Título: Vitória cara
Autor: Cruvinel, Tereza
Fonte: O Globo, 20/09/2007, O Globo, p. 2

A Câmara era ontem uma colméia em ebulição, ensaiando a votação da emenda que prorroga a cobrança da CPMF até 2011. Depois dela, talvez o governo jamais volte a precisar tanto do Congresso. Por isso, no zumbido do plenário era possível ouvir, além do alarido obstrucionista da oposição, as cobranças de aliados do governo por nomeações, liberação de verbas e até relatorias de matérias específicas. Nestas horas, o sistema expõe suas garras.

Para vencer a obstrução, o governo acabou revogando duas medidas provisórias, entre elas uma que socorria setores produtivos asfixiados pela competição externa, como o moveleiro e o calçadista. E isso lhe rendeu desgaste. Para atender aos aliados, sabe-se lá o que foi concedido. Na última quinzena, segundo o líder democrata Onyx Lorenzoni, o governo liberou mais de R$77 milhões em emendas, mas parece que foi pouco. Mas no início da noite, a um custo elevado, o governo estava seguro de que aprovaria a CPMF no correr de uma sessão-maratona.

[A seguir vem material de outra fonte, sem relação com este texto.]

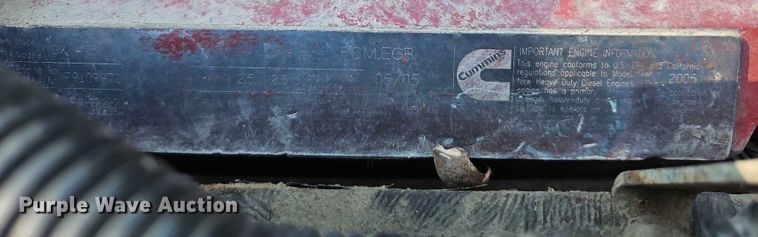 image for item EO4565 2006 Peterbilt 379 semi truck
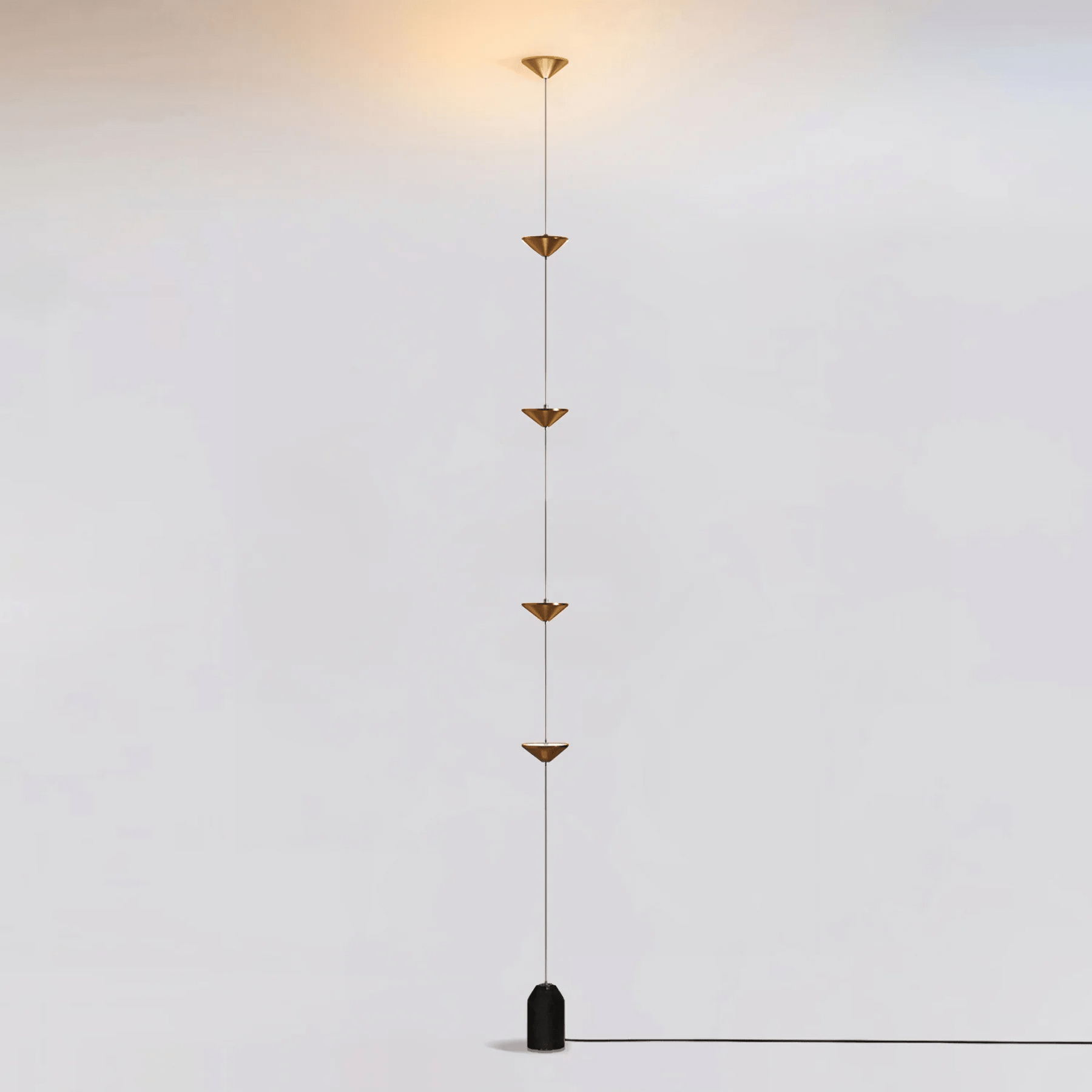 Cascade Marble Floor Lamp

A carga tributária é alta, a CPMF é antipática mas sabem todos, de um lado e de outro, que a supressão dela comprometeria o financiamento da saúde, dos programas sociais e da Previdência. Mesmo assim, trataram todos de lucrar: a oposição, marcando pontos com a classe média; parte dos governistas, arrancando favores a fórceps.

Nesta hora em que se apresenta tão exitoso, tanto na gestão macro-econômica como na produção de mudanças sociais tão expressivas, como as reveladas pela Pnad-2006 e ontem por estudo da FGV sobre a significativa redução da pobreza entre 2005 e 2006, o governo Lula não pode ser perdoado por ter, tal como o de Fernando Henrique, negligenciado o patrocínio e aprovação de uma reforma política logo depois da reeleição gloriosa de Lula por 60 milhões de votos. Uma reforma efetiva, para contornar a disfunção que permite a sobrevivência do fisiologismo: a busca de uma maioria que o presidente eleito, qualquer um, no sistema atual, jamais vai conquistar nas urnas. E para construí-la já no governo, tem que fazer concessões que comprometem a eficácia administrativa e a probidade. E geram escândalos. O governo de Lula pratica o fisiologismo, e é mais cobrado por isso, pois afinal, o PT um dia prometeu acabar com estas práticas. Mas os tucanos também prometeram inaugurar outros métodos e foram igualmente sugados pela engrenagem, como recordava ontem, no café da Câmara, depois de ouvir os zumbidos no plenário, o deputado e ex-ministro Paulo Renato.

- Seria engraçado, se não fosse politicamente trágico, ver os mesmos partidos, as mesmas pessoas que nos tosquiavam, agora tosquiando eles.

No fumódromo, Genoíno e Miro Teixeira comentavam a mesma coisa: Lula, há dez dias, passara um sabão em alguns líderes da base, que vieram apresentar novos pedidos para garantir a CPMF. Pelo visto ontem, em vão. No plenário, o líder do governo, José Múcio, engrossou a voz com os mais assanhados.

Apontaram a Ciro Gomes um funcionário do governo que estava na Câmara para acertar a liberação de emendas.

- Estas coisas me deixam indignado! Mas a hipocrisia da oposição também me tira do sério.

E fazia as contas, mostrando que até o superávit primário de R$50 bilhões, um dos pilares da credibilidade econômica do governo, ficaria comprometido se o governo perdesse os R$40 bilhões da CPMF.

Na outra mesa, Paulo Renato continua a falar da perenidade do fisiologismo e do que fazer para garantir a maioria parlamentar no curso da eleição, libertando os governos da busca das coalizões pós-eleitorais. Defendeu o voto distrital, outro disse que o remédio é o parlamentarismo, para outro, o voto em lista, e como sempre, até na mera discussão faltou consenso. Mas um presidente que saiu tão forte das urnas poderia ter feito da reforma política uma prioridade sua. Lula resolveu que o assunto era do Congresso, nada saiu. Agora, aguente.